> [DATA TO EXAMINE]:

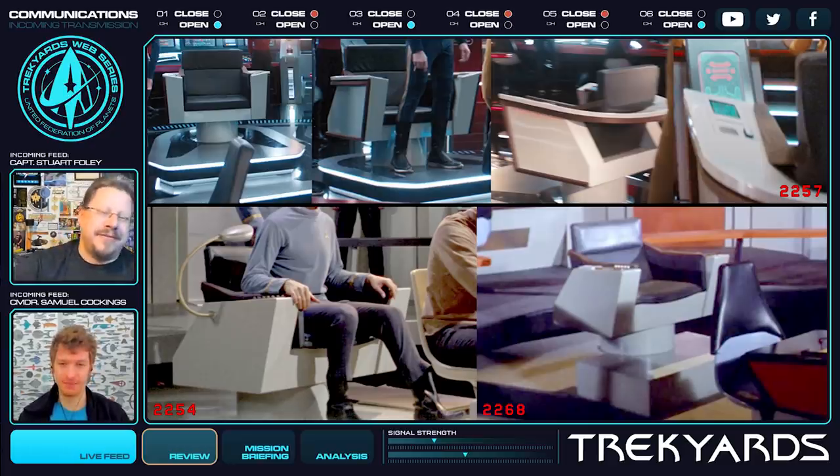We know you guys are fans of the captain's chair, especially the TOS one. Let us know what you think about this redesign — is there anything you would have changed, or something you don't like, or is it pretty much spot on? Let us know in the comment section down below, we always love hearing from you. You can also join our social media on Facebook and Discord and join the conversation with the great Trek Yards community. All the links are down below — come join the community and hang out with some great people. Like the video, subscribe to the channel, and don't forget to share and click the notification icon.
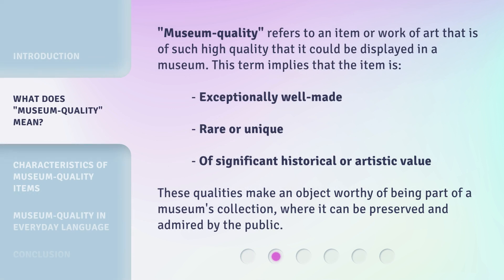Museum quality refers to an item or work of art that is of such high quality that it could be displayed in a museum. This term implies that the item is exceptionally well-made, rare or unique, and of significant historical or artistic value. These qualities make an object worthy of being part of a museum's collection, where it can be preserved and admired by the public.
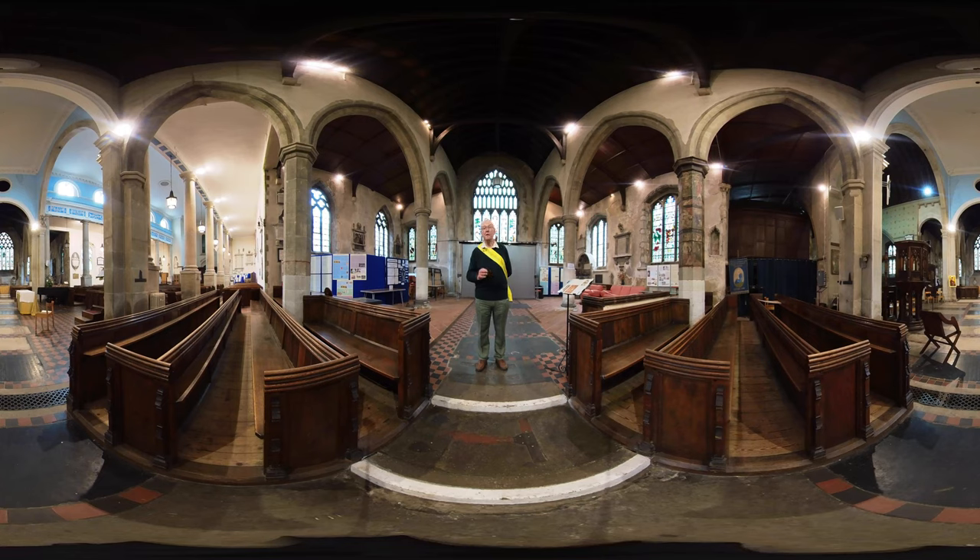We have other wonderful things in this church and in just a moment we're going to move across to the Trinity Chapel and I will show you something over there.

==

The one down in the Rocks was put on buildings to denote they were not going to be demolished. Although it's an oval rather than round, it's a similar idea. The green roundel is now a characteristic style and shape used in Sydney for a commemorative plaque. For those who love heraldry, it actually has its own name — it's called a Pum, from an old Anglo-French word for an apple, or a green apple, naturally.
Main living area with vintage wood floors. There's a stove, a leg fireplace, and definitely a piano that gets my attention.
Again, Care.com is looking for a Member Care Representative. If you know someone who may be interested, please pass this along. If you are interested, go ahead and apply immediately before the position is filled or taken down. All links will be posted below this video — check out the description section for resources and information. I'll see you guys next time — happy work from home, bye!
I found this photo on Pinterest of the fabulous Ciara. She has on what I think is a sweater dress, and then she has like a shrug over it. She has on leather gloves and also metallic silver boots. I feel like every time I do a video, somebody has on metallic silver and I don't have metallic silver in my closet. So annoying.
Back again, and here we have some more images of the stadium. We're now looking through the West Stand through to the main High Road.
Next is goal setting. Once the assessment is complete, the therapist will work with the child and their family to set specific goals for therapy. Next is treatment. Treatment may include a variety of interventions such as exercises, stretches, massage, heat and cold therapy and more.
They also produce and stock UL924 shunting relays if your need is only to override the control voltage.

> [WORK INSTRUCTION]: In the data above, retype exactly and only the lines between the one holding "I found this" and the one holding "Back again, and", inclusive.

> [FINAL ANSWER]:
I found this photo on Pinterest of the fabulous Ciara. She has on what I think is a sweater dress, and then she has like a shrug over it. She has on leather gloves and also metallic silver boots. I feel like every time I do a video, somebody has on metallic silver and I don't have metallic silver in my closet. So annoying.
Back again, and here we have some more images of the stadium. We're now looking through the West Stand through to the main High Road.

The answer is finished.